You know, many modern singers never record in studio anymore. You are doing a great job. The available material is limited.


----------



## Woodduck (Mar 17, 2014)

Goerke, somewhat. Not that I'm fond of her or think that she presents the music better, but the vibratofest provided by the aging Marton is unendurable. I don't care how intense she is if she can't produce a clean vocal sound. Goerke has a vibrato problem, too, above the staff where something funny happens to the voice which I can't explain. It goes all tight and tremulous and robs the climaxes of impact. None of this really matters to me, since I seem to find this music less, rather than more, rewarding as the years pass. Strauss's mixture of not-very-shocking (nowadays) dissonance with rose-cavalier whipped-cream waltz tunes, intended to put over a horror-movie libretto, strikes me as upper-class kitsch (and is kitsch any fun, or even still kitsch, when it's classy-cal?). But that's just me. Thanks for your indulgence.


----------



## vivalagentenuova (Jun 11, 2019)

Ok I take back everything bad I ever said about Nilsson


----------



## silentio (Nov 10, 2014)

vivalagentenuova said:


> Ok I take back everything bad I ever said about Nilsson


I hear you there! I was pretty picky about dramatic soprano too, but then I realized it is a privilege to have great voices (Flagstad, Traubel, Grob-Prandl, Nilsson, etc.,) around to complain about their minor shortcomings. These two clips above are why. I can't really vote for either.


----------



## Seattleoperafan (Mar 24, 2013)

Woodduck said:


> Goerke, somewhat. Not that I'm fond of her or think that she presents the music better, but the vibratofest provided by the aging Marton is unendurable. I don't care how intense she is if she can't produce a clean vocal sound. Goerke has a vibrato problem, too, above the staff where something funny happens to the voice which I can't explain. It goes all tight and tremulous and robs the climaxes of impact. None of this really matters to me, since I seem to find this music less, rather than more, rewarding as the years pass. Strauss's mixture of not-very-shocking (nowadays) dissonance with rose-cavalier whipped-cream waltz tunes, intended to put over a horror-movie libretto, strikes me as upper-class kitsch (and is kitsch any fun, or even still kitsch, when it's classy-cal?). But that's just me. Thanks for your indulgence.

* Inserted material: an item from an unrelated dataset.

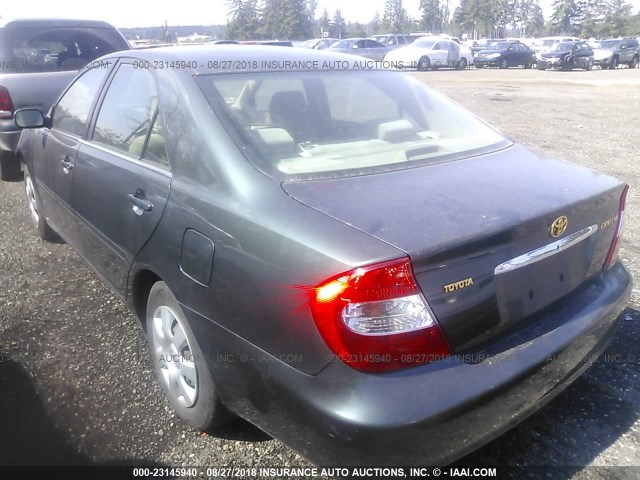 JTDBE32K720034210 - 2002 TOYOTA CAMRY LE/XLE/SE 灰色 照片 3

I forgive you because I like you..... but watch it LOL


----------



## Parsifal98 (Apr 29, 2020)

What is going on with Goerke's mouth  And her tongue....

So much tension....


----------



## Tsaraslondon (Nov 7, 2013)

I voted for Marton because her performance was much more intense, but I don't much like either voice and I feel much the same as Woodduck about the music. I used to have the Solti recording on LP but never got round to buying a recording on CD as I rarely feel in the mood to listen to all those women screaming at me for almost two hours. 

I listened to the Sawallisch recording recently, which also has Marton as Elektra, and actually preferred it to the Solti as Sawallisch seems to find more lyricism in the score, but Marton isn't a patch on Nilsson in one of her best roles.


----------



## Seattleoperafan (Mar 24, 2013)

Parsifal98 said:


> What is going on with Goerke's mouth  And her tongue....
> 
> So much tension....


https://www.talkclassical.com/66118-question-why-do-some.html?highlight=


----------



## nina foresti (Mar 11, 2014)

It's Goerke for me. I didn't see the actual facial emotion in Marton -- just holding onto those ropes. It was disconcerting and didn't touch me. Goerke, on the other hand, just standing there sans props, showed more emotion and pain.


----------



## The Conte (May 31, 2015)

Bonetan said:


> I'm trying to match studio recordings with studio recordings, concert performances with concert performances, live stage recordings with live stage recordings, but it's proving to be a bit more difficult than I anticipated, particularly when I'm matching singers from different eras. I hope you guys don't mind too much when the recording situations aren't equal. I'm doing my best!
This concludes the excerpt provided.